• **PROBLEM STATEMENT**
All of the records are to be reproduced exactly.

---- TASK MATERIAL

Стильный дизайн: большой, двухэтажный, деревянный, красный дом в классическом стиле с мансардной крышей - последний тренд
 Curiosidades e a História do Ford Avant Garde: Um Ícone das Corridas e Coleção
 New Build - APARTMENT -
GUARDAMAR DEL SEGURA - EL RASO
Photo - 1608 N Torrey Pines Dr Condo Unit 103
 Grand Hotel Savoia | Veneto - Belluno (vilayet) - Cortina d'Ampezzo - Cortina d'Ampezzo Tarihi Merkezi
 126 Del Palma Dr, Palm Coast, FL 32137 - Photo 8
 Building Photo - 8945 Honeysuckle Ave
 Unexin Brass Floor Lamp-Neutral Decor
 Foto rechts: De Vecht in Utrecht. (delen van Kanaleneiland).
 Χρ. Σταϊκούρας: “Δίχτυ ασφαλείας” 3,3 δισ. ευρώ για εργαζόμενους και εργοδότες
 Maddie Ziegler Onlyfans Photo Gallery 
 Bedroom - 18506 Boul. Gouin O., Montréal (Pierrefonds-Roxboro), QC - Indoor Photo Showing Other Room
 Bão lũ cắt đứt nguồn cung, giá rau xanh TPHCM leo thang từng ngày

--------

• **RESPONSE BOX**
Стильный дизайн: большой, двухэтажный, деревянный, красный дом в классическом стиле с мансардной крышей - последний тренд
 Curiosidades e a História do Ford Avant Garde: Um Ícone das Corridas e Coleção
 New Build - APARTMENT -
GUARDAMAR DEL SEGURA - EL RASO
Photo - 1608 N Torrey Pines Dr Condo Unit 103
 Grand Hotel Savoia | Veneto - Belluno (vilayet) - Cortina d'Ampezzo - Cortina d'Ampezzo Tarihi Merkezi
 126 Del Palma Dr, Palm Coast, FL 32137 - Photo 8
 Building Photo - 8945 Honeysuckle Ave
 Unexin Brass Floor Lamp-Neutral Decor
 Foto rechts: De Vecht in Utrecht. (delen van Kanaleneiland).
 Χρ. Σταϊκούρας: “Δίχτυ ασφαλείας” 3,3 δισ. ευρώ για εργαζόμενους και εργοδότες
 Maddie Ziegler Onlyfans Photo Gallery 
 Bedroom - 18506 Boul. Gouin O., Montréal (Pierrefonds-Roxboro), QC - Indoor Photo Showing Other Room
 Bão lũ cắt đứt nguồn cung, giá rau xanh TPHCM leo thang từng ngày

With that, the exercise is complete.